What the exercise asks:
From the data that follows, print exactly the lines starting at the one containing "2 Coke Glases 2010 Fifa Cup" and ending at the one containing "Guard Flasher Clear (Set of 2 Pcs)"; include both of them and nothing more.

*** Information provided ***

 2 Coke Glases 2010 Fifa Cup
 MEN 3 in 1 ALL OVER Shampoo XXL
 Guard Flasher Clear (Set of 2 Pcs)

*** End of Information provided ***
*** Information provided ***

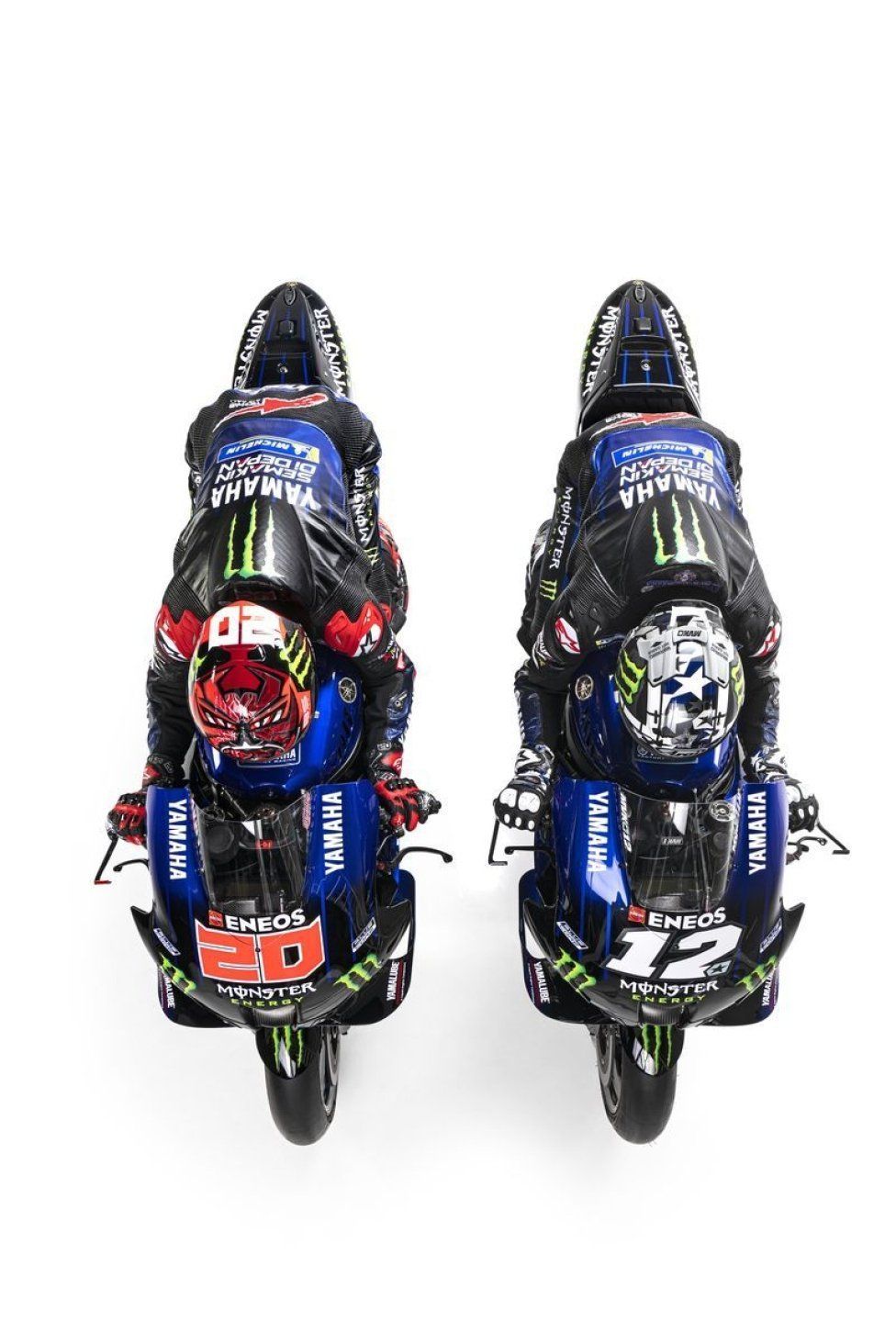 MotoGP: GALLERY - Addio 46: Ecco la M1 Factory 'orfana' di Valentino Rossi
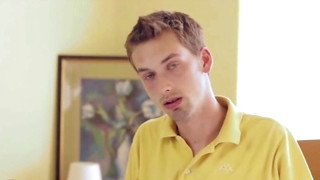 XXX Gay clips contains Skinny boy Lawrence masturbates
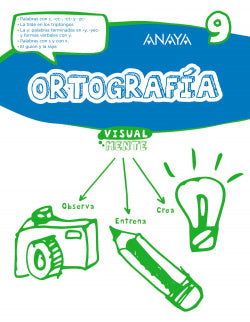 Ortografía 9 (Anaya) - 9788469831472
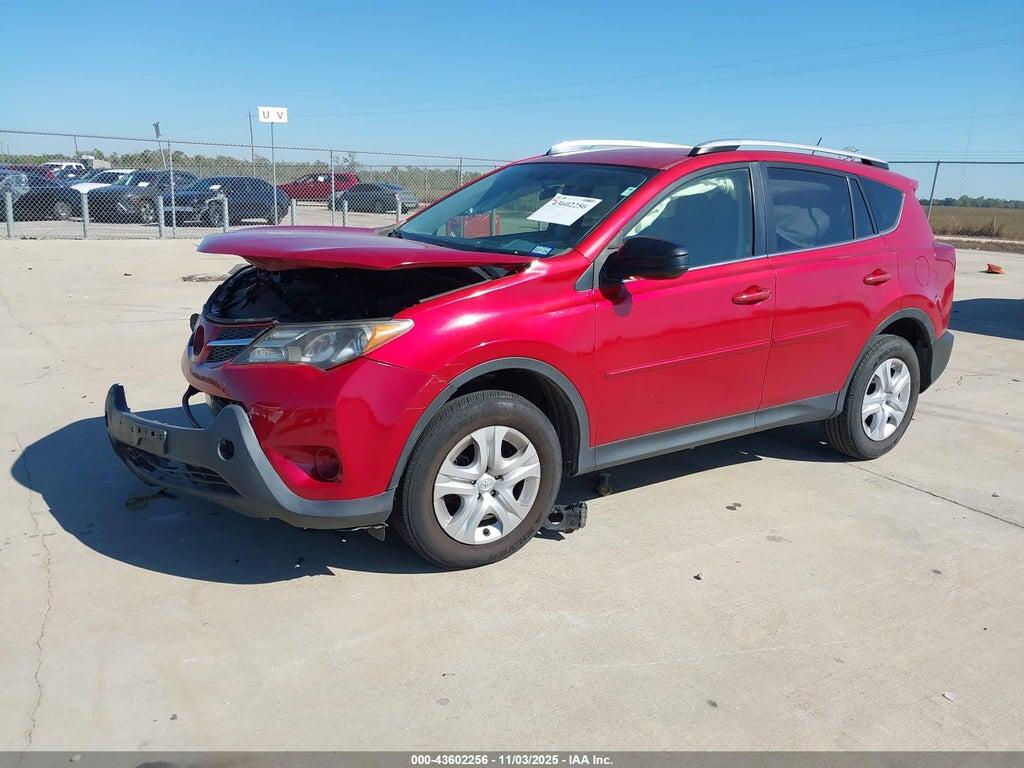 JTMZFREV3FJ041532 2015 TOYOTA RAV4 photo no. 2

*** End of Information provided ***
*** Information provided ***

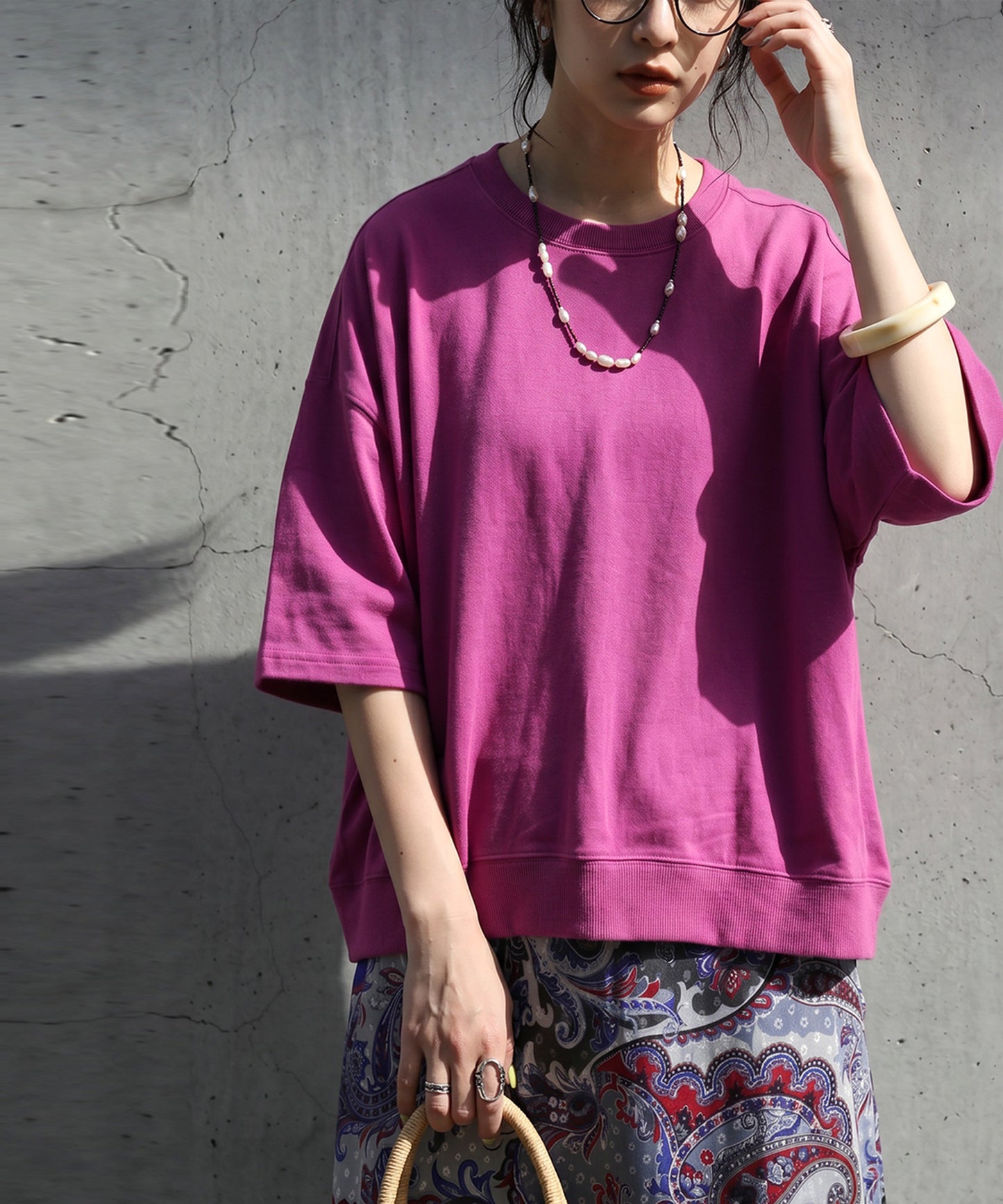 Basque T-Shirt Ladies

*** End of Information provided ***

Task output:
 2 Coke Glases 2010 Fifa Cup
 MEN 3 in 1 ALL OVER Shampoo XXL
 Guard Flasher Clear (Set of 2 Pcs)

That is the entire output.